(IPS) – On the eve of a meeting between U.S. President Barack Obama and Colombian President Juan Manuel Santos here on Thursday, the White House announced that a deal has been reached on key labour issues upholding the countries’ stalled bilateral trade pact.
Largely hailed by Republican lawmakers, the preliminary details of the deal, dubbed an “Action Plan for Labour Rights”, were received sceptically by some Democrat representatives, while labour and rights groups noted that they lacked breadth, depth, and accountability measures.
The U.S.-Colombia Free Trade Agreement (FTA) was negotiated under the last George W. Bush administration and has been log-jammed in the pipeline since due to serious concerns about the South American country’s lax labour laws, history of violence against union leaders, and shaky human rights record.
“Trade union and labour rights violations are taking place within a broader context that is not addressed by this action plan,” Gimena Sanchez, an Andean expert at the Washington Office on Latin America, told IPS.
“That context includes a continued internal armed conflict, re-grouped and reconstituted paramilitarism that operate throughout the country, and alarming impunity on labour and all other human rights cases,” she explained.
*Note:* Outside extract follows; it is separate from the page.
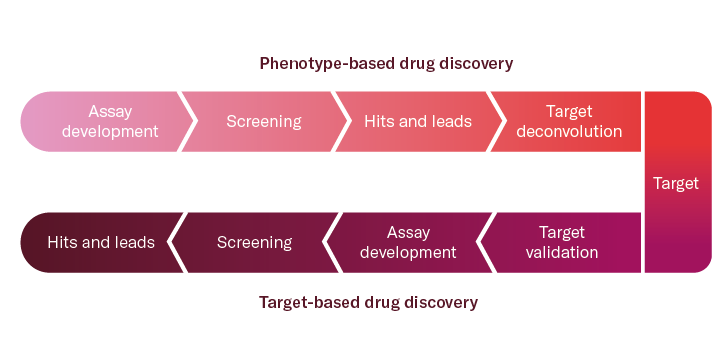 Phenotypic vs target based drug discovery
Meanwhile, Republicans in the House of Representatives, who favour the FTA’s boost of U.S. exports and creation of domestic jobs, have been pushing for the Colombia pact to be approved in a batch along with the also pending Panama and South Korea agreements, ostensibly to fast-track the deals, as the latter has been pegged a priority by the White House.
“Free Trade Agreements like this one have huge potential to help American ranchers, farmers and manufactures grow and create jobs by expanding into foreign markets,” said Republican Max Baucus in a statement reacting to the Colombia agreement on Wednesday.
“The administration should immediately begin working with Congress on the implementing legislation so the president can submit and Congress can approve the agreement in the coming months,” he urged.
Republicans have set a desired date of Jul. 1 for the pacts to be introduced into Congress, while U.S. Secretary of State Hillary Clinton said in January that the Colombia FTA would be sent to lawmakers “this year”.
The deal announced on Wednesday, and expected to be formally approved during the presidents’ meeting on Thursday, seems to somewhat smooth the pact’s still bumpy path toward passage, but a concrete timeline for the Colombian trade agreement remains unclear.
A possible clue lies in the particulars of the labour deal released thus far (the full action plan has yet to be made public); namely, in a set of dated benchmarks that the Colombian government will pledge to meet.
“President Obama insisted that a number of serious and immediate labour concerns be addressed before he would be willing to send the Agreement to Congress,” the fact sheets said. “Successful implementation of key elements of the Action Plan will be a precondition for the Agreement to enter into effect.”
The targets include steps to protect the safety and rights of workers, union leaders, and labour activists, with “due dates” set as early as Apr. 22 and one as late as December of this year.
Given that almost all of the published benchmarks must be met by July, rights groups are concerned about the rapid timeframe for the listed reforms and their feasibility.
“The concern we have is that you just won’t know if any of these steps will actually reduce violence against trade unionists because it moves far too quickly for anyone to actually evaluate and ensure that these steps are carried out,” Lisa Haugaard, executive director of the Washington- based Latin America Working Group, told IPS.
“These are very fundamental changes and I don’t think that the Colombian government, even with goodwill, can carry this out that quickly,” she continued.
Six House Democrats – Representatives Jim McGovern, George Miller, Rosa DeLauro, Mike Michaud, Linda Sanchez, and Jan Schakowsky – echoed these timeline concerns in their reaction to the announced action plan on Wednesday.
“While we welcome these initiatives, we are particularly concerned that we will not have time to determine whether they have been fully carried out – let alone resulted in a dramatic decrease of violence against unionists, increased ability by Colombian workers to exercise their rights to organise and bargain collectively, and a breaking of the culture of impunity that has so characterised justice and the rule of law in Colombia,” they said.
And once the FTA finally enters into force, Haugaard noted, there is no clear mechanism for or guarantee of follow-up, as the targets listed in the action plan are not tied to the trade pact itself.
Ultimately, rights groups argue, the action plan does not go far enough in addressing the systemic problems that underlie the labour violence, impunity, and human rights violations in Colombia.
“Unless significant steps are taken to address the impunity and illegal armed groups prior to movement on the agreement, we are likely to see deterioration in labour and human rights once the FTA is implemented,” Sanchez told IPS.